Thinking quickly (the flight was filling up fast) I logged into my bank account, shuffled some funds, and whipped out my debit card. Searched flights, flight selected, booking details, payment…. HAHA!!!!
As I sat staring dumbly at the booking confirmation screen I felt the hot, numbing buzz of victory coursing through my veins. All right… maybe just adrenaline. Point is, I won. Take that cheaptickets.com!
I’m going to Hong Kong.
And I’m going to be watching that bank account, cheaptickets.com.
If I see charges… I’m getting that degree and you’re going DOWN.
The post for today is short and sweet. I taught my youngest class introductions today.
“Hello, my name is Nathan, what’s your name?”
“My name is ______.”
“Nice to meet you, ______.”
“Nice to meet you, too!”
I also taught them how American’s typically shake hands instead of bow. It was a very entertaining and laugh filled class session. Near the end of it, I had the students draw pictures of themselves. Then, for a little bit of a treat, I had them draw pictures of me.

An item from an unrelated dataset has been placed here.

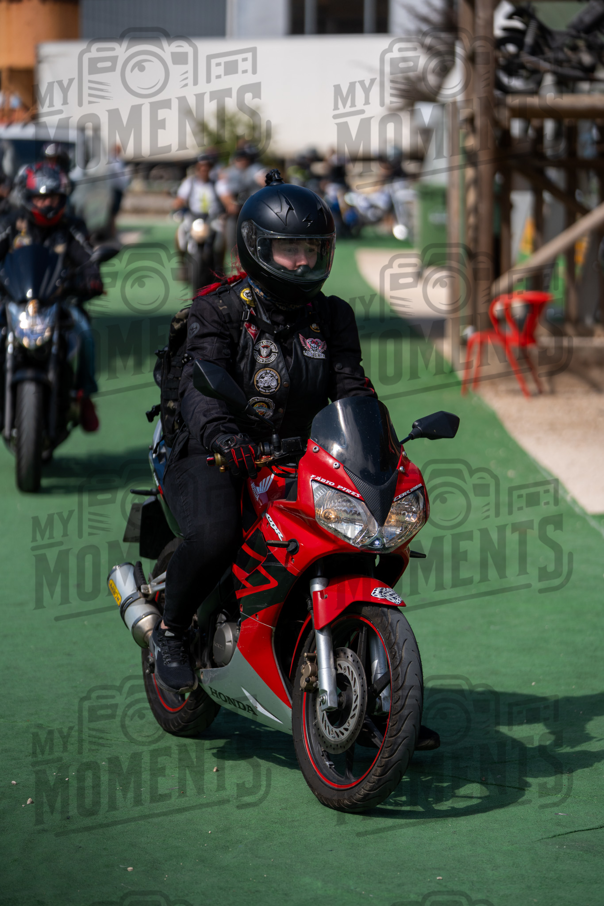 2026_13-Ago-2026 Góis Moto Clube - RECINTO MANHÃ_JFP08516.jpg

This is what they came up with:
A big group of English teachers and I went paintballing about 40 minutes outside of Pohang. For 40,000 won; we got several rounds of paintball, a barbequed lunch, and transportation to and from the paintball course. Not too bad for a great day, eh?

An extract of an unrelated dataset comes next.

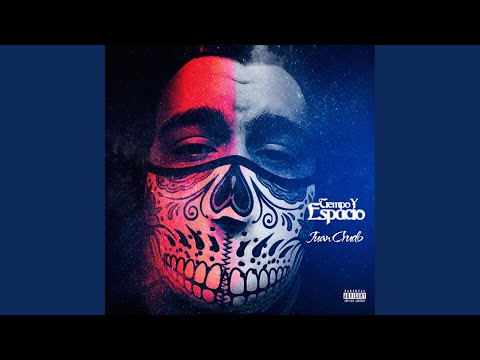 Rookies (feat. Malhablado)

This weekend, I finally managed to get outside the city limits of Pohang and make the long trip cross-country to Seoul. It’s not that I dislike Pohang – I really enjoy it here – but I need to see more of Korea! After all, I’m only going to be here a year. This was also a self-imposed test of my abilities to get places using the limited skills in Korean reading and speaking that I’ve picked up over the last month. Aside from asking for a few tips from my boss and Sehee (the friend I was meeting in Seoul); I was able to buy the bus ticket online, get to the station, find the subway, and take the right line to the correct stop. Not too shabby, if I do say so myself. Having figured out the Italian and French rail systems in the past definitely helped a little bit. The Korean bus and subway systems are so efficient and well orchestrated, it was a breeze compared to my experience with the Italian trains. Sorry Italy. I still love you.
Alright, alright… so I couldn’t wait until after the weekend to write another update. Since I obviously haven’t been to Seoul yet, this one is about something else. Basically just an update on the teaching situation so far; since, after all, it is the reason I’m in South Korea to begin with.
Teaching is something that took me a couple weeks to get used to. The training and structure at the school was minimal if I’m being generous with my description, non-existent if I’m feeling particularly… ‘truthy’. Nonetheless, once I figured out where the students were in the books, what their proficiency levels were in English, and got used to the amount of material I should attempt to teach in each lesson, it became quite easy. My style with homework, tests, and presentations has always been to skim the material beforehand and then wing it. It’s pretty much the same thing teaching. I have two basic class structures. Activity/worksheet based, and listening based. Each individual class is merely a variation. Once I figured that out, it’s easy as pie. Of course, one of the harder parts is coming up with fun and exciting games to finish up the class period with. Now THAT’S tough.